If you would like to contribute but aren’t sure how, please take a look at our Wish List and find something that suits you. Come to an orientation session to find how you can best get involved or email us at susanpartnow@gmail.com with your questions!
Take a Journey of Discovery
What is it like to be a citizen diplomat? Or an active peacemaker? And to meet your global neighbors? As a GCJ delegate, you’ll be part of an exciting adventure in sharing, learning and building. We call participants delegates because they have a role larger than themselves.
GCJ is built on a sustainable “ripple-effect” model, designed to extend the benefits beyond each individual’s experience. As a delegate, you are asked to commit to sharing your journey with your home community and encouraged to find ways to continue your connection with the host country community.
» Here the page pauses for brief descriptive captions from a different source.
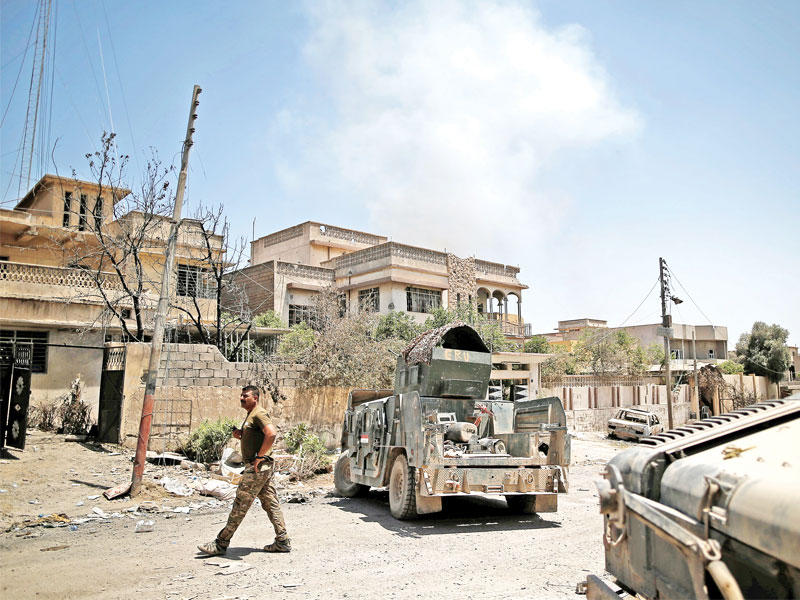 جندي عراقي ومركبات للجيش بعد سيطرته على منطقة في غرب الموصل أمس الأول  (رويترز)
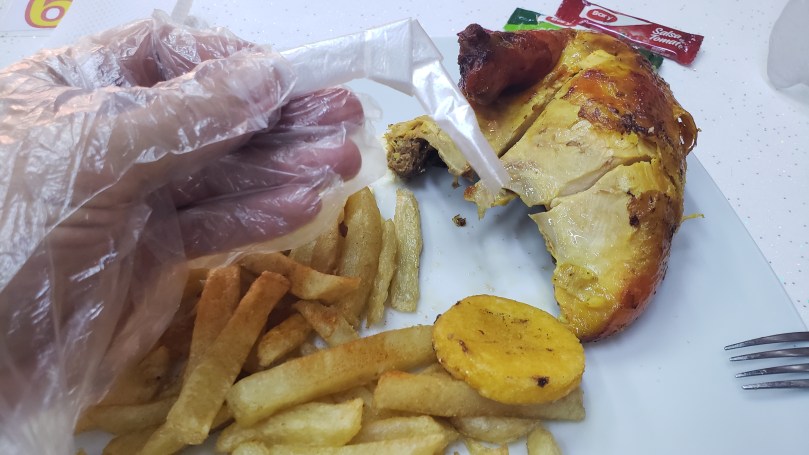 A hand in a clear plastic glove holding a piece of plastic that has been folded and tied into a knot over a plate of roasted chicken, french fries and a patacón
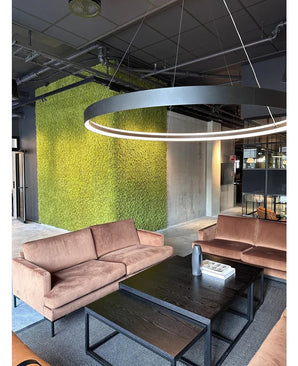 Een moderne zithoek met beige banken, zwarte salontafels, een grote ronde plafondlamp en op de achtergrond een groene muur, gecreëerd met Kunsthaag Nordic Mos 50x50 cm UV, die een luxe interieur en een eigentijds industrieel ontwerp uitstraalt.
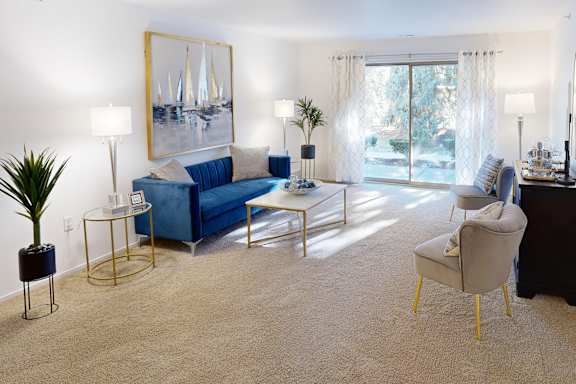 A living room with a blue sofa and a painting on the wall.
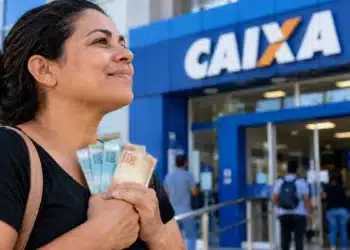 Caixa amplia o Saque Calamidade do FGTS a partir desta sexta (23/10); confira as cidades incluídas 6 Mulher segura notas de reais em frente a uma agência da Caixa Econômica Federal, ilustrando a ampliação do Saque Calamidade do FGTS em outubro de 2026.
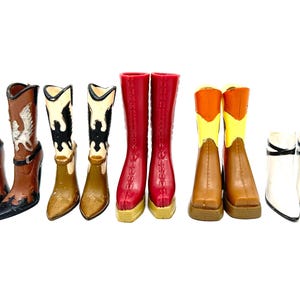 Könnte beinhalten: Eine Sammlung von Miniatur-Cowboystiefeln in verschiedenen Farben, darunter Braun, Schwarz, Rot und Weiß. Einige Stiefel weisen dekorative Elemente wie silberne Flügel und Sternmuster auf. Die Stiefel sind in einer Reihe vor weißem Hintergrund angeordnet.
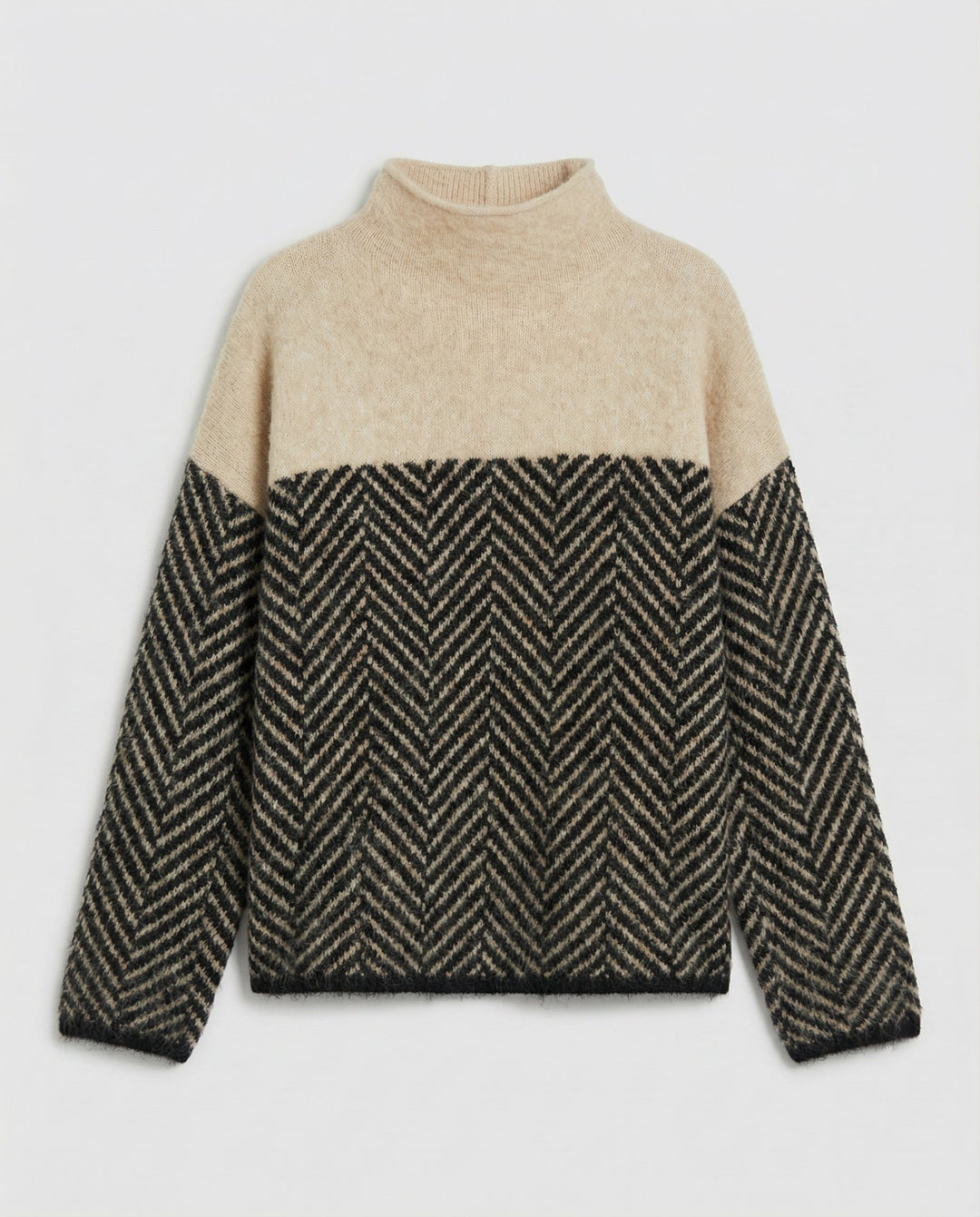 Warm women's loose-fit turtleneck sweater, featuring a stylish textured knit for cozy fall & winter fashion.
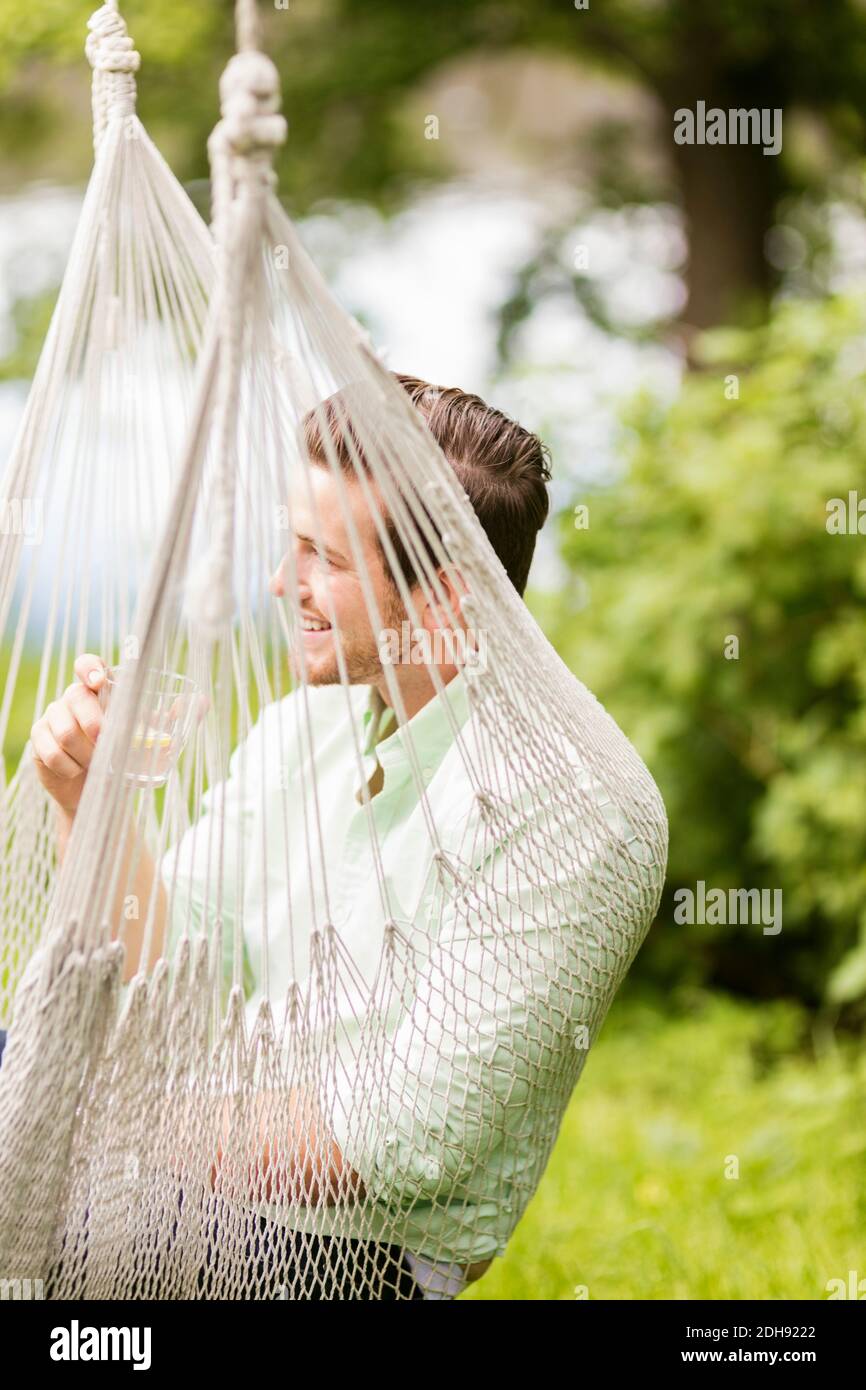 Smiling man having drink while resting in hammock Stock Photo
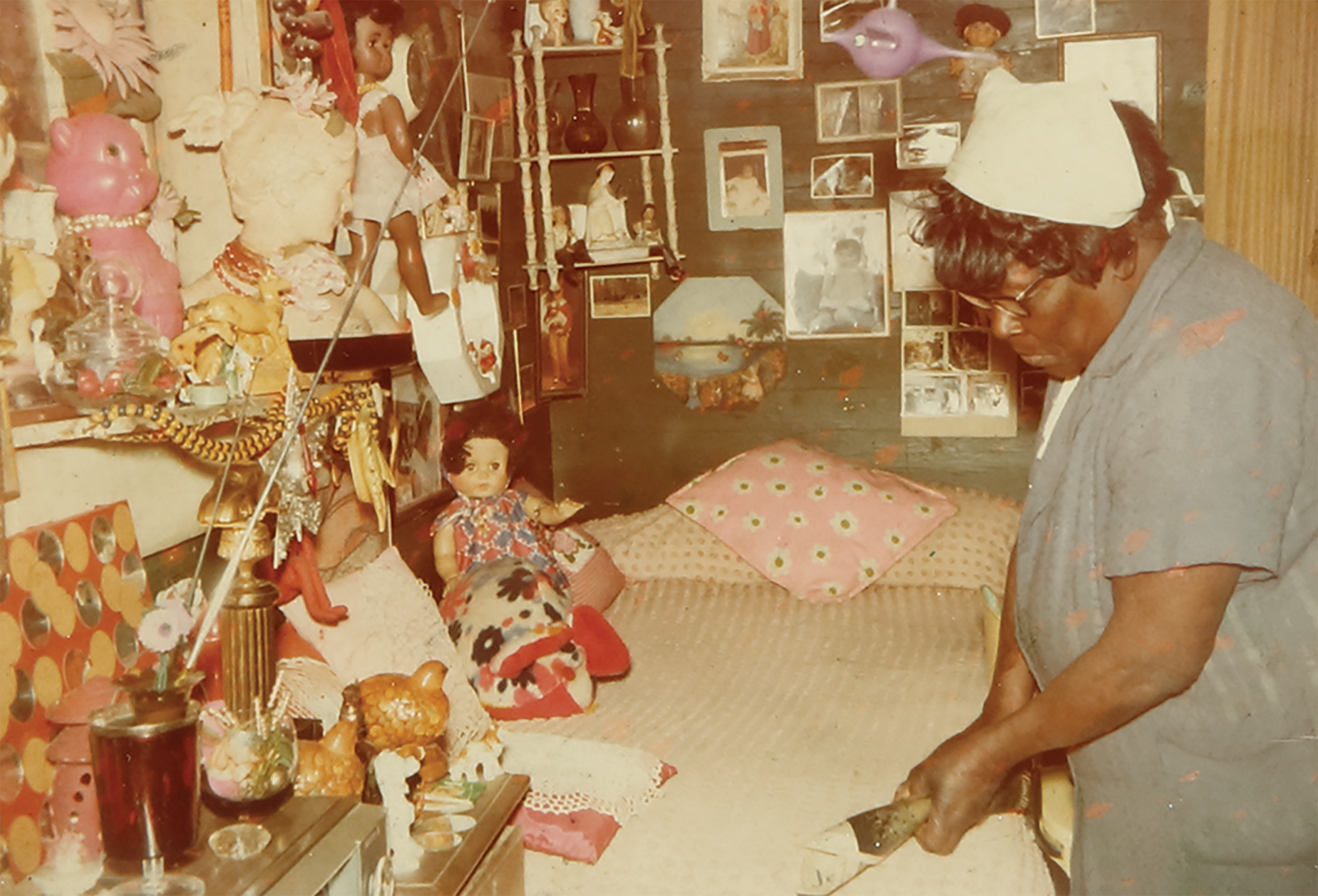 Photograph of Nellie Mae Rowe in a blue dress and white kerchief on her hair standing next to a bed and rolling some paper in her hands. The walls around the bed are heavily decorated with photographs, dolls, beads, and other collectible items.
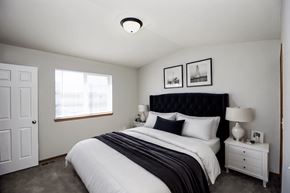 Sioux Falls townhouse for rent - A bedroom with a large bed and two nightstands.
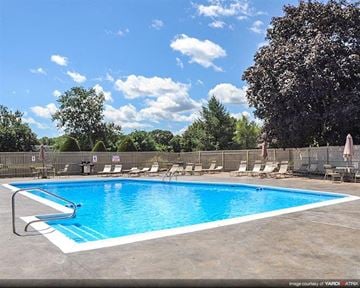 Warwick apartment for rent - a blue swimming pool with chairs around it
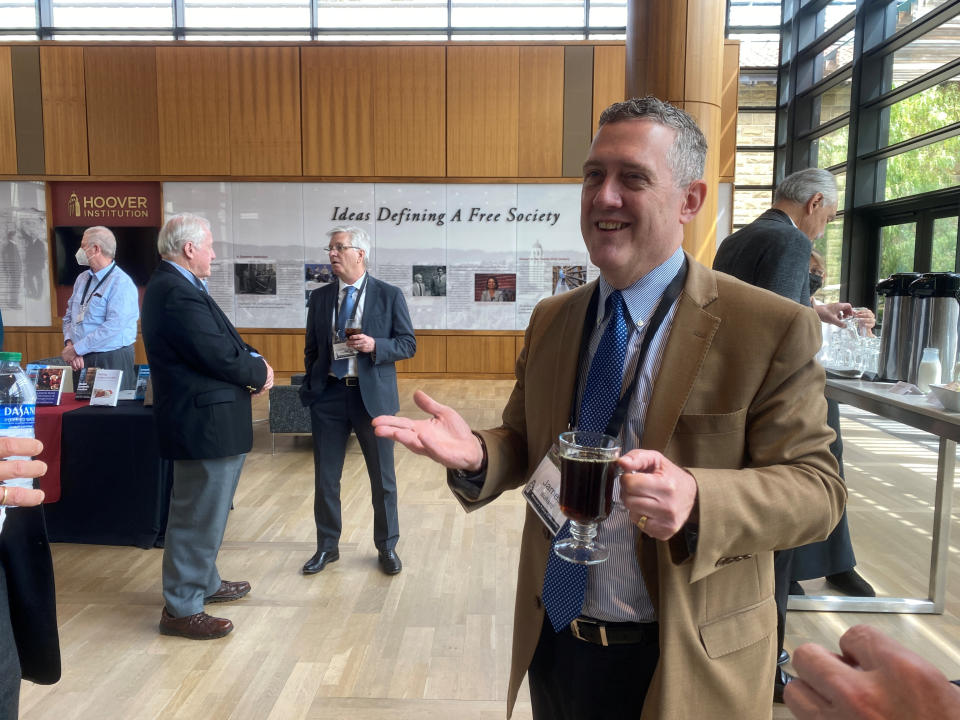 Federal Reserve Bank of St. Louis President James Bullard chats, during a break at a conference on monetary policy at Stanford University's Hoover Institution, in Palo Alto, California, U.S. May 6, 2022. Picture taken May 6, 2022. REUTERS/Ann Saphir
What are some of key criteria for becoming a GCJ delegate?
- We encourage you to seek sponsorship by an organization. This could be a community group, professional association, business, religious organization, school, book club, sports team or any other group whose members would like to learn from and support your journey, and help you create opportunities to share your experiences with a wider network.
- We’re looking for delegates who will be actively involved in planning and development. We have a range of committees and need lots of volunteer support to develop each journey’s program fully. We expect delegates to be active participants in the preparation.
- GCJ is all about diversity. We want a cross-section of America to connect with a cross-section of our host country, so we’re looking for diversity in age, gender, ethnicity and religious affiliation. We also seek a wide range of skills, interests and professions, to enrich the experience, widen the range of potential networks and contribute to cultivating follow-on projects. For example, each delegation might include someone from high tech, business, agriculture, public health, education or the arts.
What about expenses?
- We do not believe money is an obstacle.
- We encourage all delegates to fundraise for their program fees such that they are traveling on behalf of a larger community of interested supporters. Thus the experience is shared by many.
- We provide materials and suggestions to help you with fundraising.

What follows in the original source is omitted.